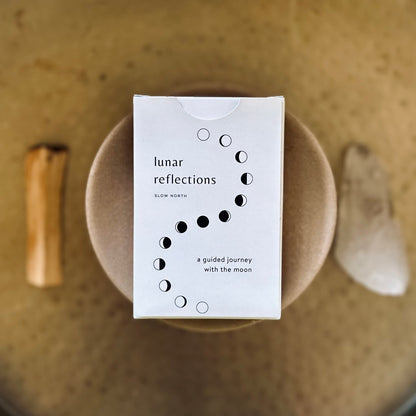 Lunar Reflections - Moon Phase Deck – Affirmation Deck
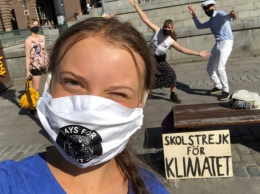 Грета Тунберг возобновила "школьную забастовку за климат"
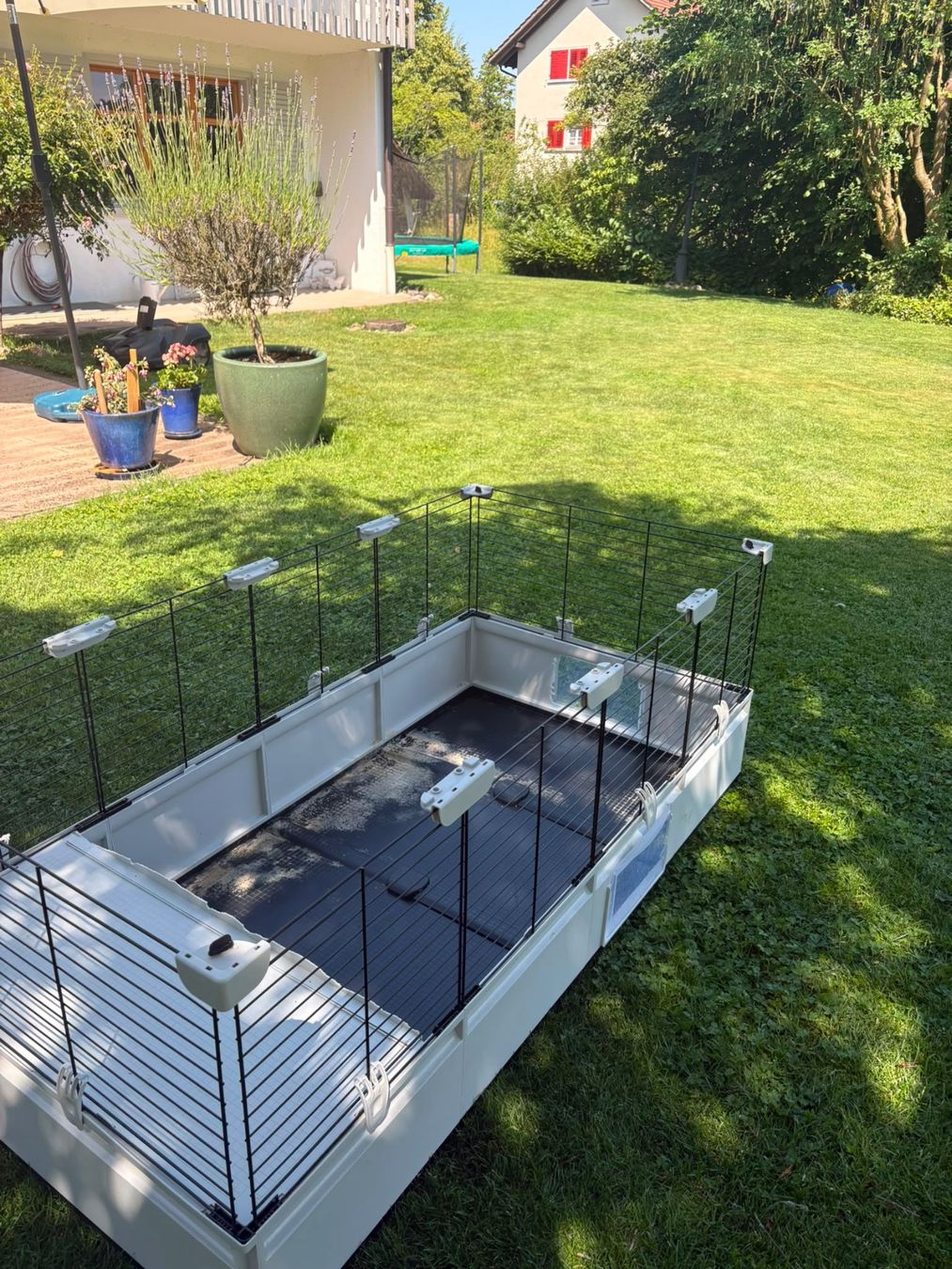 Cages, transport & sécurité: Kaninchen Käfig – D'occasion à Seuzach par steven_mueller01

__What to produce__
Keep the pictures out while you retype all of the data above exactly as it appears.

__Answer box__
 Lunar Reflections - Moon Phase Deck – Affirmation Deck
 Грета Тунберг возобновила "школьную забастовку за климат"
 Cages, transport & sécurité: Kaninchen Käfig – D'occasion à Seuzach par steven_mueller01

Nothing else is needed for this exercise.